Stepping a little bit out of its normal operations, T-Mobile USA announced the company’s first naming rights deal earlier this month for the soon to open arena in Las Vegas. T-Mobile customers who use the arena will gain access to a few benefits beyond what other arena visitors experience. This deal seems to align with the company’s “uncarrier” marketing campaign, as it’s widely expected this new arena will soon be host to many sports and entertainment events, including an NHL expansion franchise, which would be the city’s first team in one of the major leagues.

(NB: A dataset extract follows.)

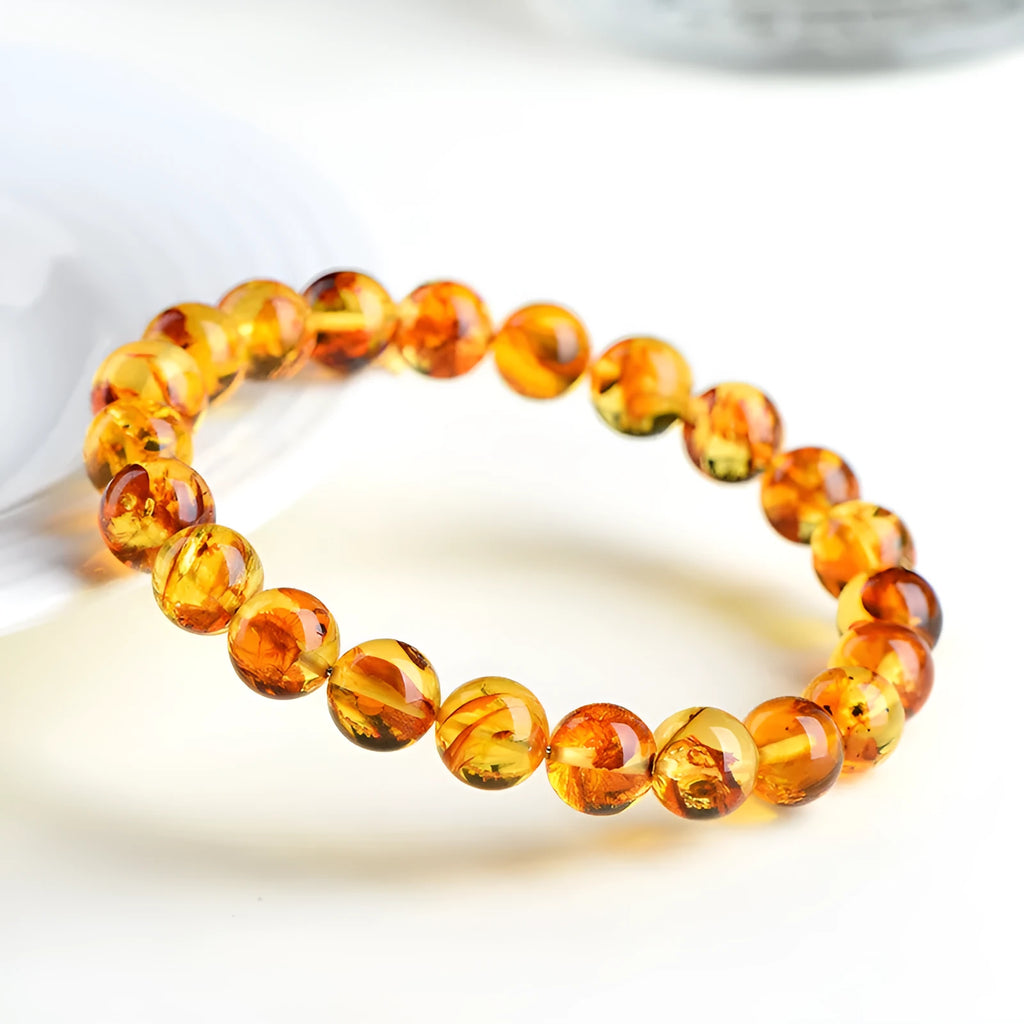 A geometric-bead amber bracelet with natural yellow piebald colouration on a wrist.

We can presume that this would take locally headquartered T-Mobile USA out of the naming rights competition for the new SoDo arena, should it be built. Of course for T-Mobile, it makes sense to commit money to an existing arena in a market they find compelling, rather than waiting to see if an arena gets built in Seattle. This isn’t to say they might not still try to get the rights, as American Airlines has naming rights for arenas in both Dallas and Miami, but it’s rare.
This also reminds of the strategies behind naming rights deals. Apparently Chris Hansen and company have chosen not to seek a deal yet. This has happened in other cities, whether to get a early sense of the financial metrics a naming rights deal might provide, or to give an unbuilt facility a sense of destiny. But it doesn’t always work, as the Farmers Field folks in Los Angeles know. More common strategies are naming the facilities as they’re being completed, such as Safeco Field or the Vegas arena. Or, waiting a bit for better market conditions to strike a deal after a building has already opened, as we saw at Seahawks/Qwest/CenturyLink Field. The wait continues for an arena in SoDo, while the doors will soon swing open at T-Mobile Arena in Las Vegas.